Data records:
========================================================================

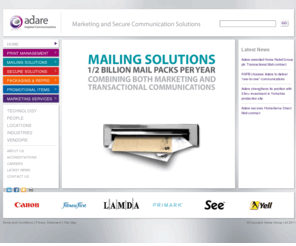 adare.com: Adare - Marketing and Secure Communication Solutions
Adare provides Marketing and Secure Communication Solutions to leading global brands, offering clients all the components that make up an end-to-end marketing and secure communications strategy. Adare’s range of services includes, Print Management, Mailing Solutions, Secure Solutions, Packaging & Repro, Promotional Items and Marketing Services.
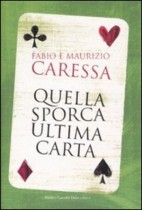 Quella sporca ultima carta di Fabio e Maurizio Caressa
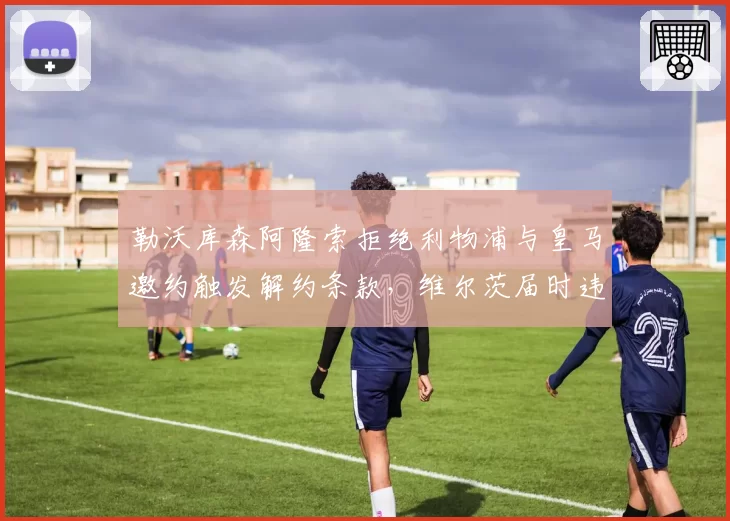 勒沃库森阿隆索拒绝利物浦与皇马邀约触发解约条款,维尔茨届时违约金降至7000万引发豪门追逐暗战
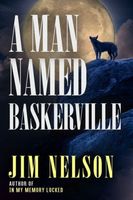 Cover of A Man Named Baskerville by Jim Nelson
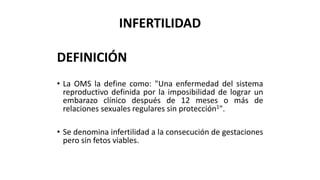 INFERTILIDAD
DEFINICIÓN
• La OMS la define como: "Una enfermedad del sistema
reproductivo definida por la imposibilidad de lograr un
embarazo clínico después de 12 meses o más de
relaciones sexuales regulares sin protección1".
• Se denomina infertilidad a la consecución de gestaciones
pero sin fetos viables.
 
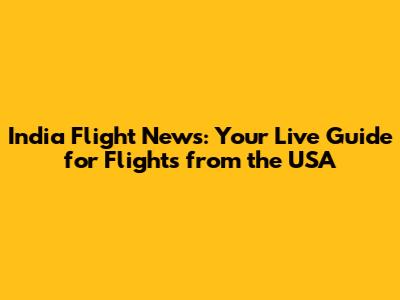 India Flight News: Your Live Guide for Flights from the USA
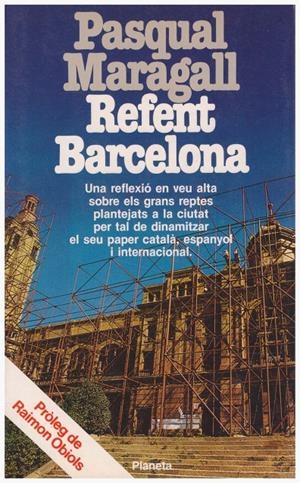 REFENT BARCELONA | 9999900132137 | Maragall, Pasqual | Libros antiguos y de segunda mano con historia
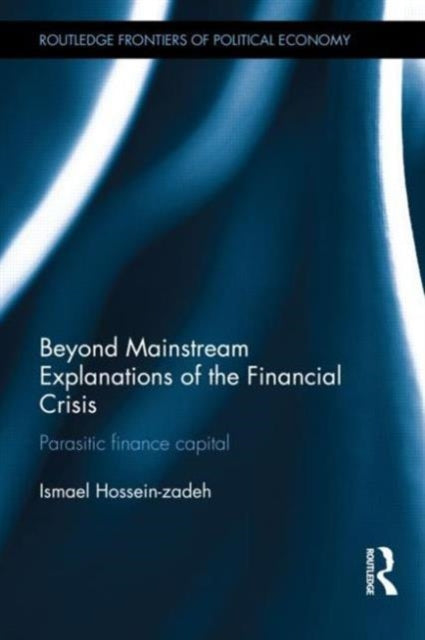 Book cover of: Beyond Mainstream Explanations of the Financial Crisis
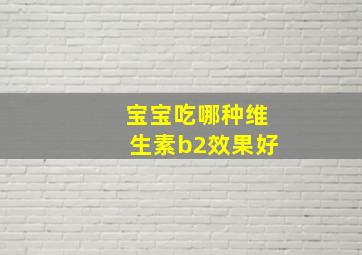 宝宝吃哪种维生素b2效果好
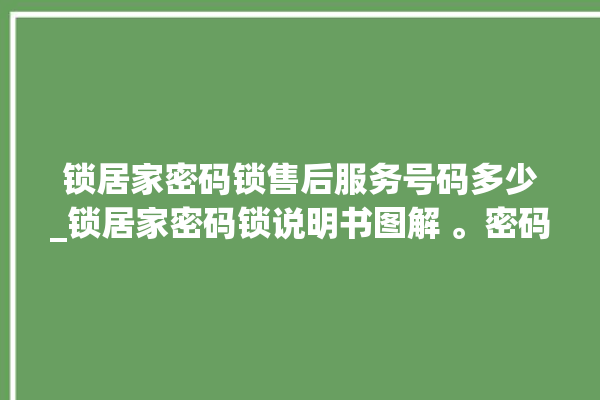 锁居家密码锁售后服务号码多少_锁居家密码锁说明书图解 。密码锁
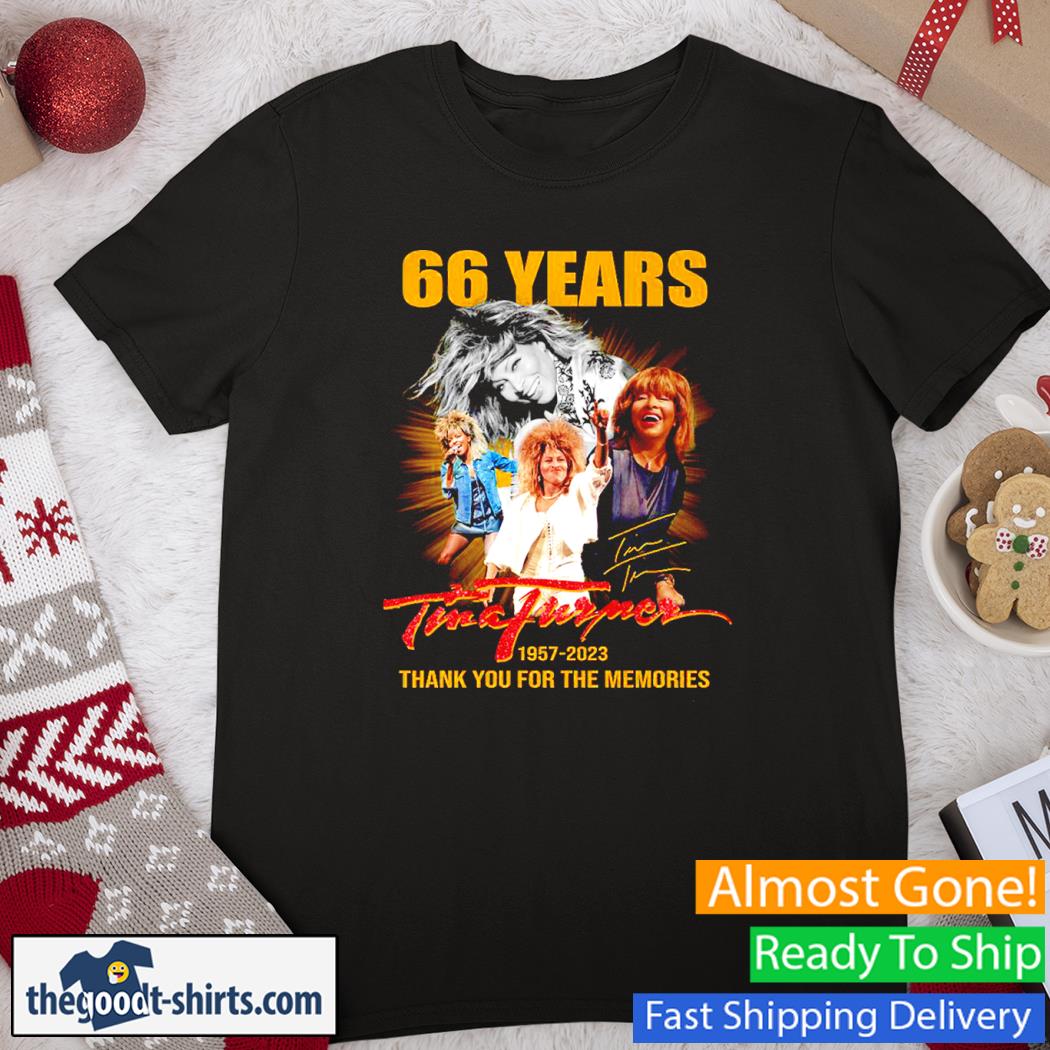 Tina Turner 66 Years 1957-2023 Signatures Thank You For The Memories Shirt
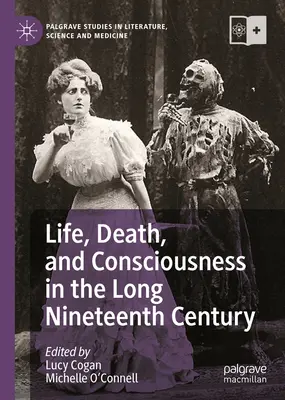 Život, smrť a vedomie v dlhom devätnástom storočí - Life, Death, and Consciousness in the Long Nineteenth Century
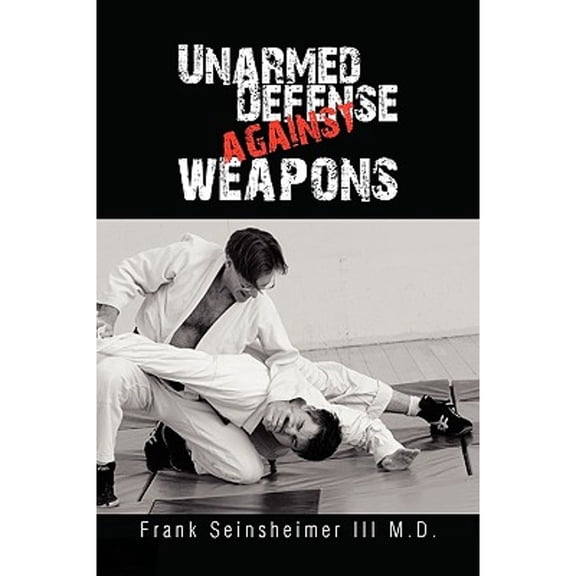 Unarmed Defense Against Weapons (Hardcover)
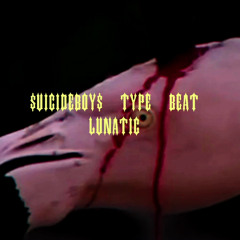 $UICIDEBOY$ TYPE BEAT- "LUNATIC"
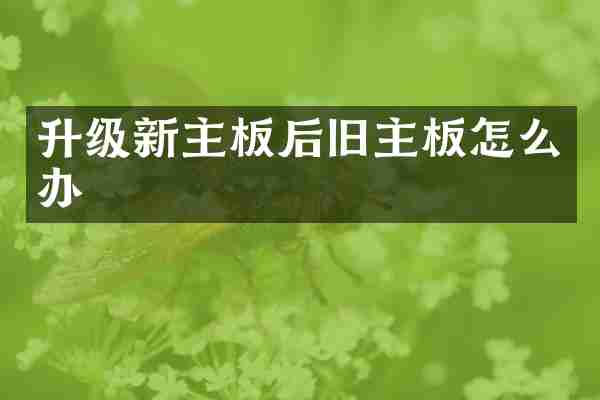 升级新主板后旧主板怎么办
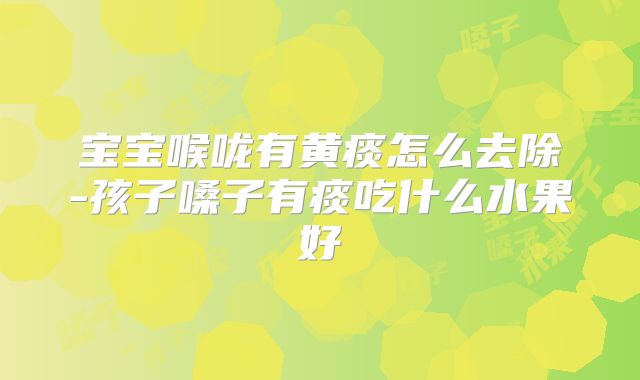 宝宝喉咙有黄痰怎么去除-孩子嗓子有痰吃什么水果好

========================================================================

> _WHAT YOU SHOULD DO_
Set down the data exactly as it appears, without any images.

> _RESPONSE TO THE EXERCISE_
 adare.com: Adare - Marketing and Secure Communication Solutions
Adare provides Marketing and Secure Communication Solutions to leading global brands, offering clients all the components that make up an end-to-end marketing and secure communications strategy. Adare’s range of services includes, Print Management, Mailing Solutions, Secure Solutions, Packaging & Repro, Promotional Items and Marketing Services.
 Quella sporca ultima carta di Fabio e Maurizio Caressa
 勒沃库森阿隆索拒绝利物浦与皇马邀约触发解约条款,维尔茨届时违约金降至7000万引发豪门追逐暗战
 Cover of A Man Named Baskerville by Jim Nelson
 INFERTILIDAD
DEFINICIÓN
• La OMS la define como: "Una enfermedad del sistema
reproductivo definida por la imposibilidad de lograr un
embarazo clínico después de 12 meses o más de
relaciones sexuales regulares sin protección1".
• Se denomina infertilidad a la consecución de gestaciones
pero sin fetos viables.
 
 India Flight News: Your Live Guide for Flights from the USA
 REFENT BARCELONA | 9999900132137 | Maragall, Pasqual | Libros antiguos y de segunda mano con historia
 Book cover of: Beyond Mainstream Explanations of the Financial Crisis
 宝宝吃哪种维生素b2效果好
 锁居家密码锁售后服务号码多少_锁居家密码锁说明书图解 。密码锁
 Tina Turner 66 Years 1957-2023 Signatures Thank You For The Memories Shirt
 Život, smrť a vedomie v dlhom devätnástom storočí - Life, Death, and Consciousness in the Long Nineteenth Century
 Unarmed Defense Against Weapons (Hardcover)
 $UICIDEBOY$ TYPE BEAT- "LUNATIC"
 升级新主板后旧主板怎么办
 宝宝喉咙有黄痰怎么去除-孩子嗓子有痰吃什么水果好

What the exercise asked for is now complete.